Google executive clashes with inventor of the Web
You'd think that people at Google would be grateful to Tim Berners-Lee for inventing the World Wide Web. But nooooo. Google executive Peter Norvig doesn't think much of Berners-Lee's latest big idea, the so-called "Semantic Web," which is an attempt to make Web pages easily understandable by computers so that they can handle more of our day-to-day transactions in a standardized way.
Norvig claims that Berners-Lee's concept is flawed, because most webmasters aren't competent enough to handle the extra programming that the Semantic Web would require -- and those that can handle it would likely use the Semantic Web deceptively, much as people already try to trick search engines into directing Web traffic to their pages.
We've got a different take on Norvig's stance, however: Google's specialty is taking regular Web pages and processing them so that they're easily understandable by computers -- Google's computers, that is.
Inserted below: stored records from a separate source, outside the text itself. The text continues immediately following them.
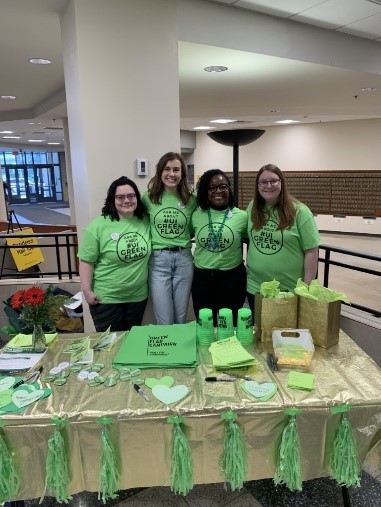 Four people at a booth wearing Green Flag Campaign shirts
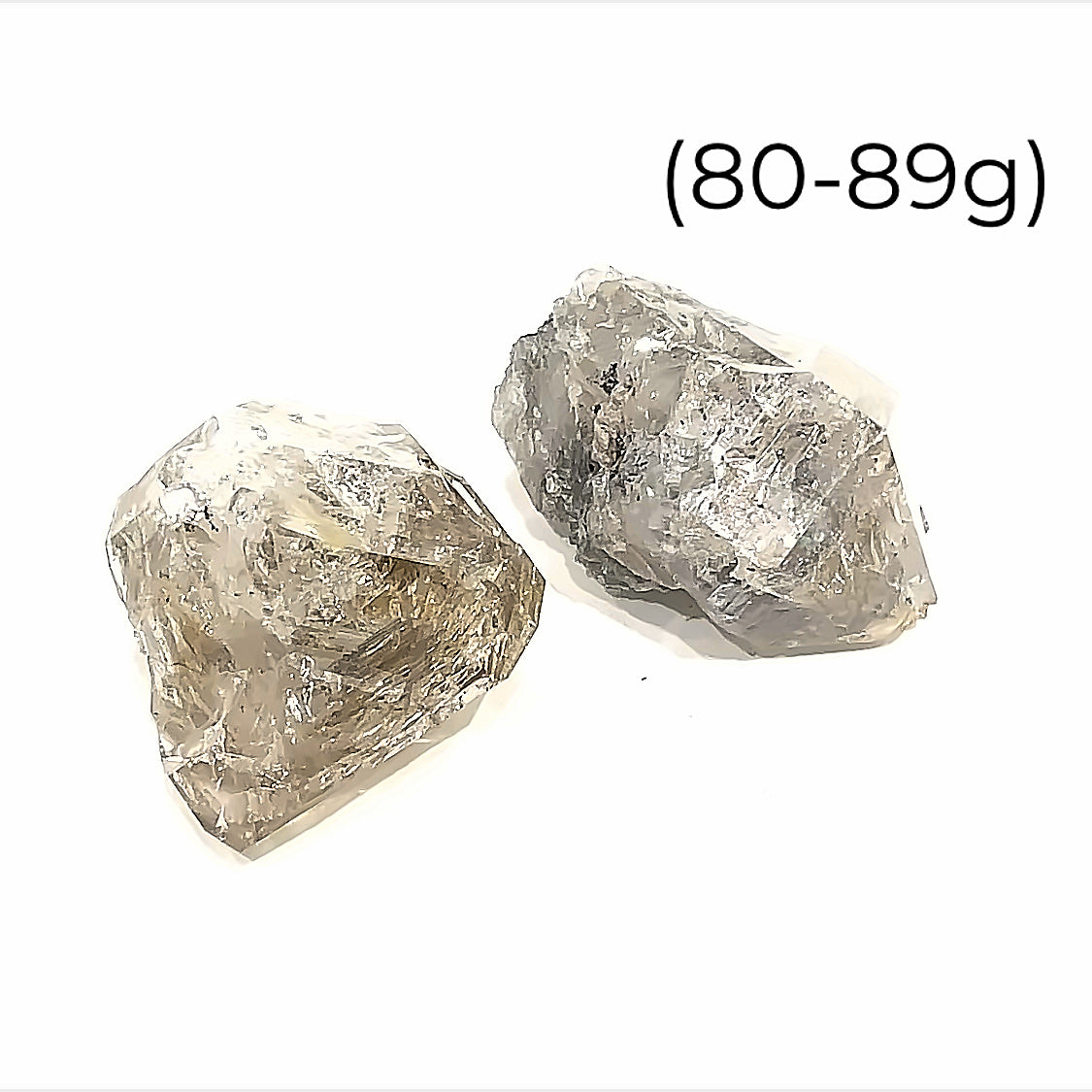A group of raw Herkimer diamond gemstone (80-89g) displayed on a white background, front, overview. 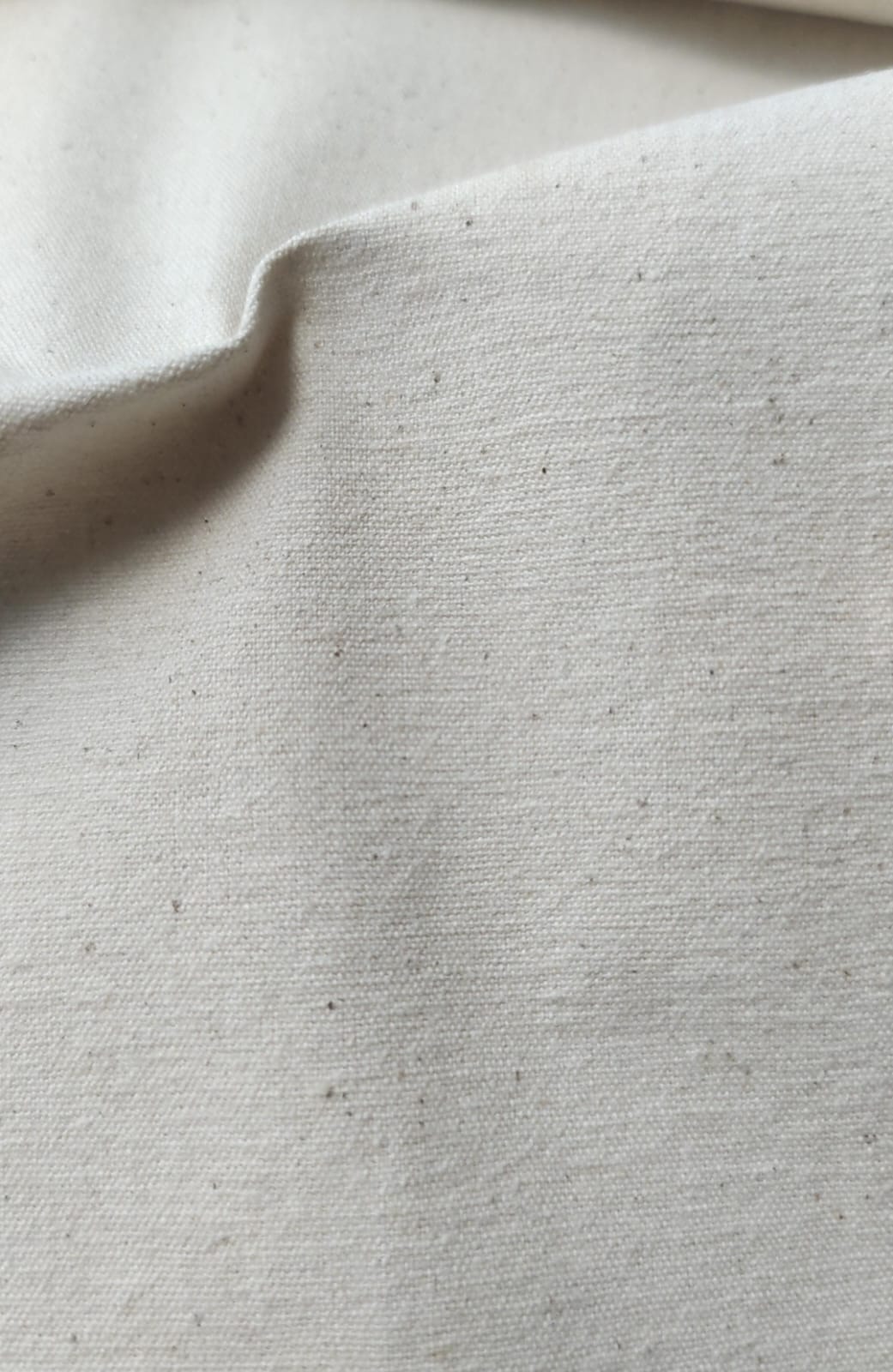 Close-up of soft, wrinkled pink cotton fabric displaying fine weave texture.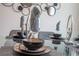 Elegant dining room showcasing a beautifully set table at 7514 Sunflower Cir, Kissimmee, FL 34747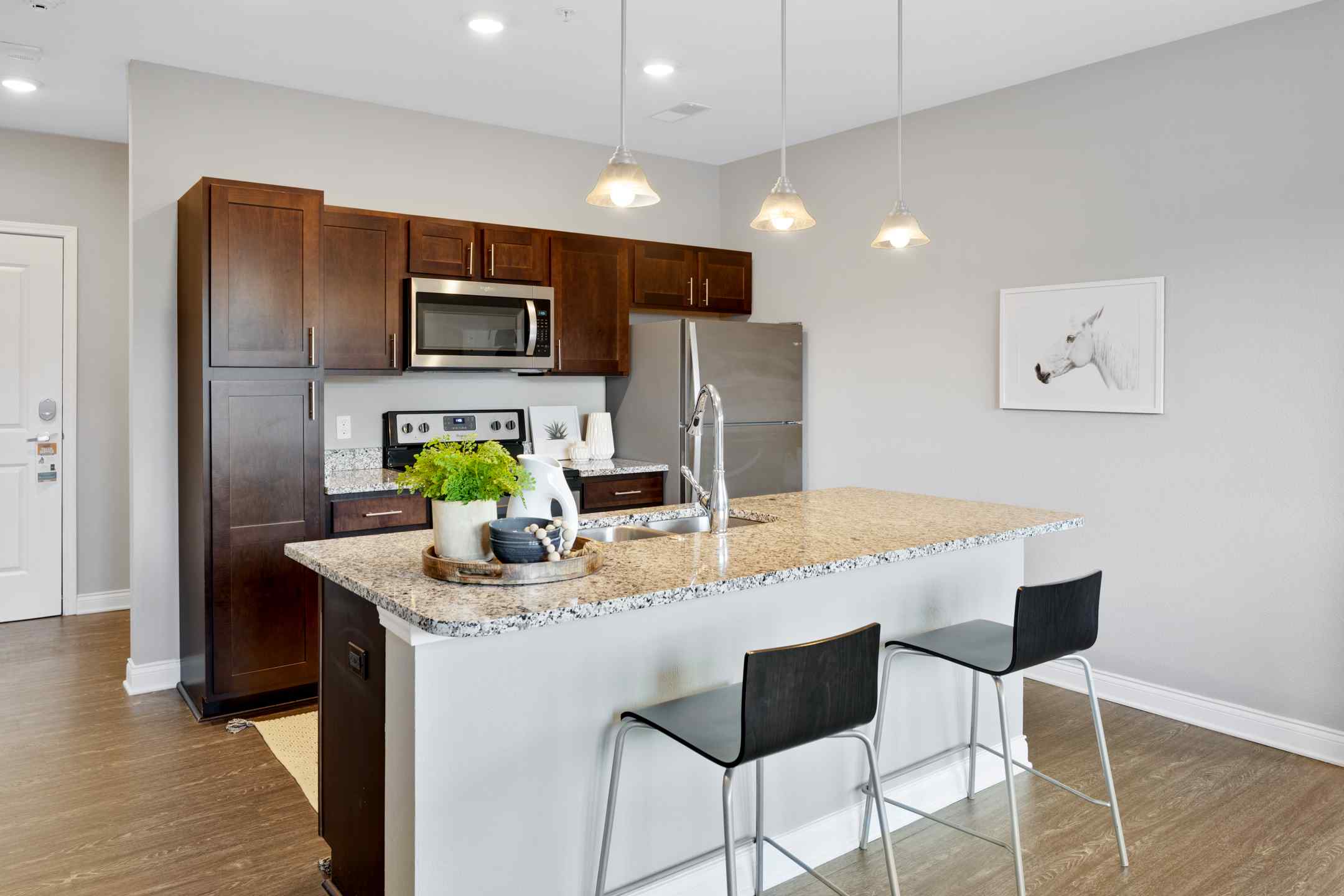 A large kitchen island with bar seating, and a fully equipped kitchen.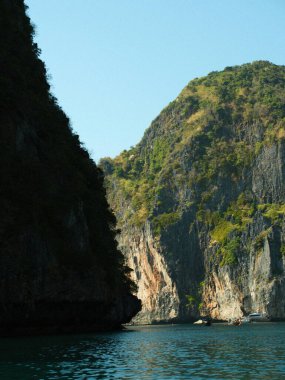 İçinden nehir akan bir dağ sırası. Su sakin ve berrak. Dağlar yemyeşil, gökyüzü mavidir.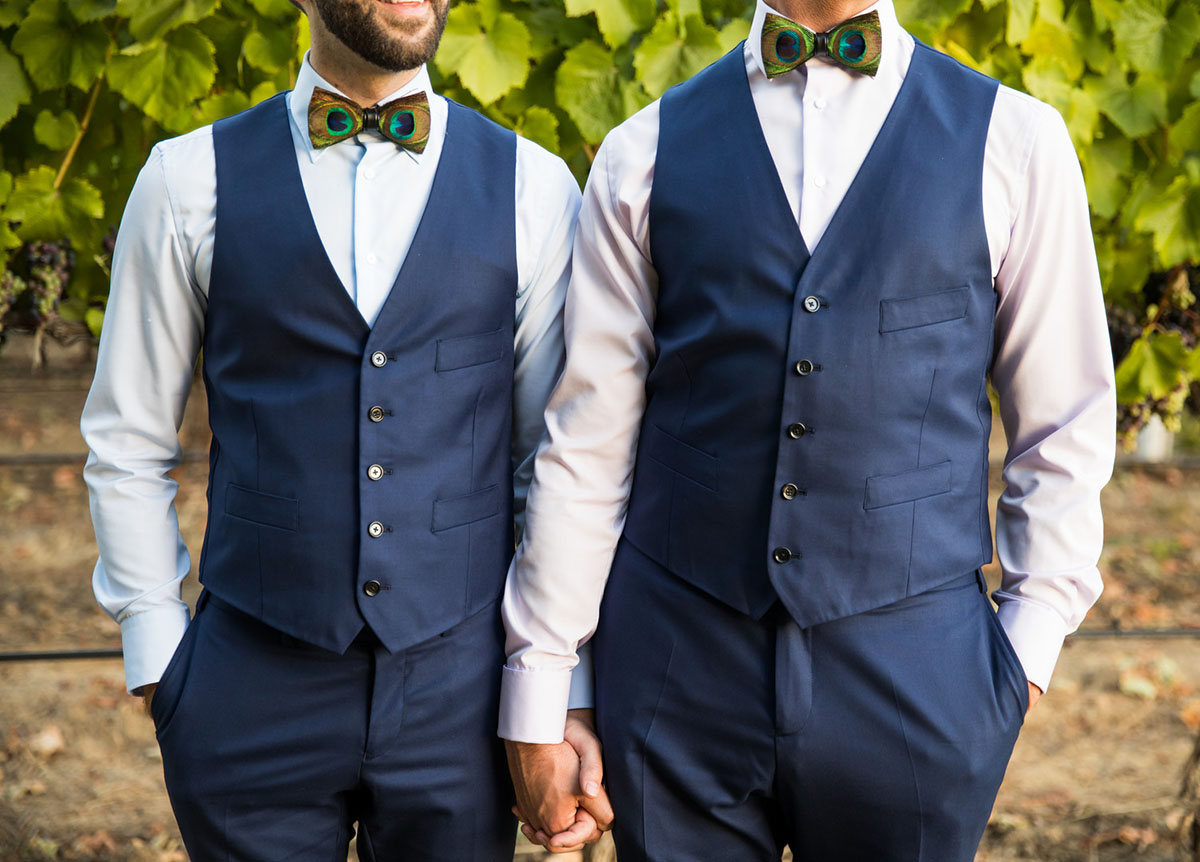 Colorful vineyard wedding in Napa Valley, California two grooms blue tux peacock bow tie whimsical mountains outdoor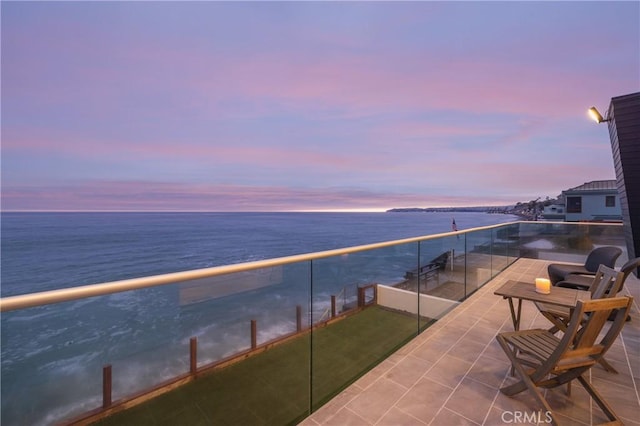 balcony at dusk featuring a water view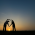 Creating a heart between two people at sunset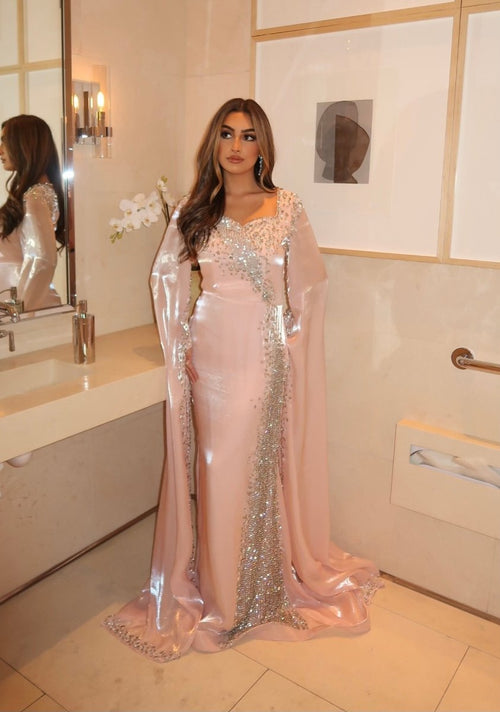 Iyza Belaar Munira long sleeve organza drape modest dress, flowing long dress with elegant sheer sleeves and a modest design.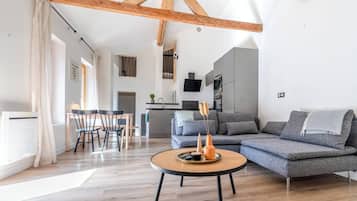 A modern living room with a wooden ceiling, a grey sectional sofa, a round coffee table, and a dining area with a table and chairs.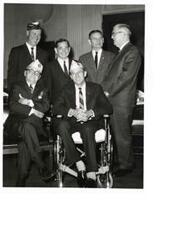 ["Black and white photograph of Carl Albert with some DAV unidentified members.  Man seated on the left (foreground) is D.A.V. Representative  Lambert Barkman."]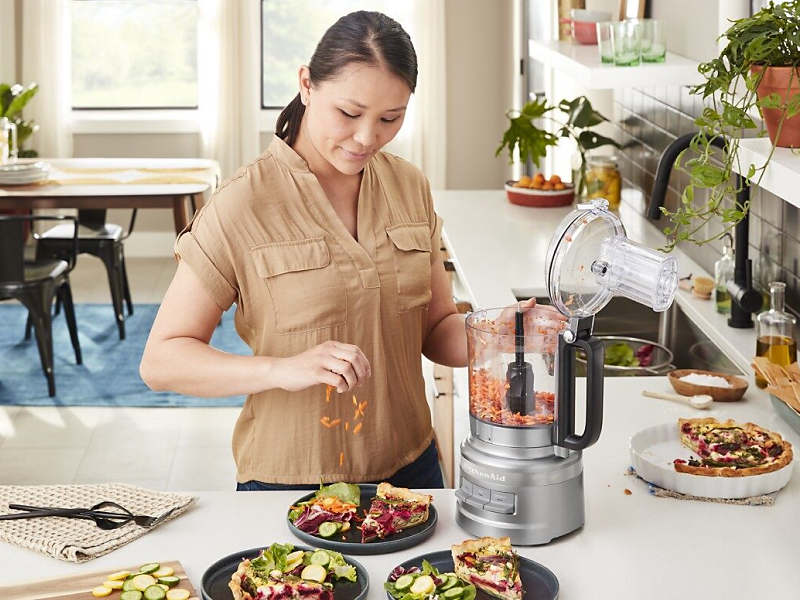 Person using KitchenAid® food processor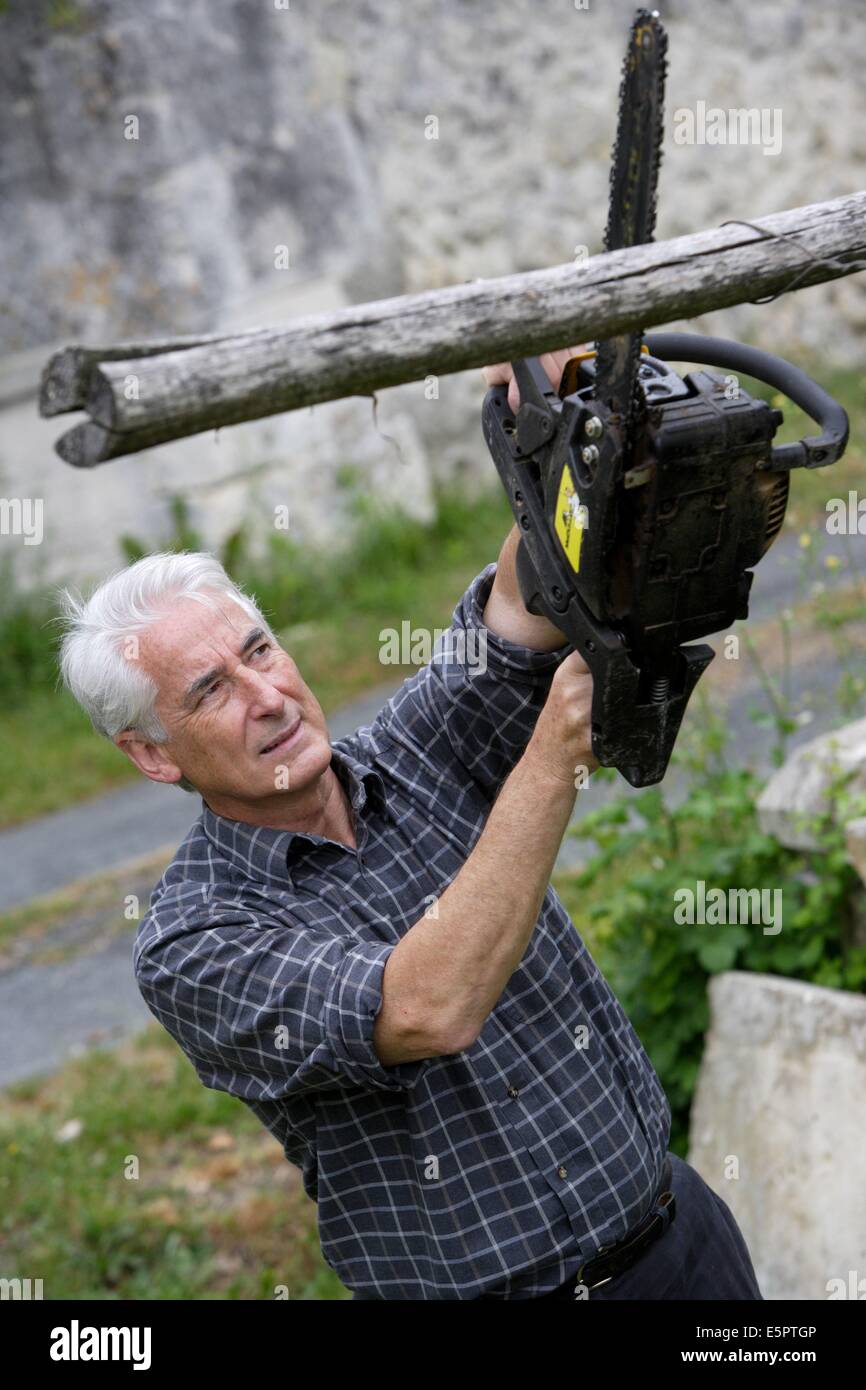 Man en utilisant une scie à chaîne. Banque D'Images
Berners-Lee's Semantic Web would make it easy for anyone to find information on the Web, not just Google. No wonder Google isn't fond of a technological leap that threatens its bread-and-butter business.
Valleywag's advice to Google: If you want to tangle with the inventor of the Web, bring out the inventor of the Internet -- Vint Cerf, who now serves as Google's chief Internet evangelist.
Why not ask Al Gore. Seems I remember him saying he invented the Internet. :)
Sorry, I have to agree with Google here. Those who have the most to profit from semantic web will be hackers and spammers who will use it to trick people.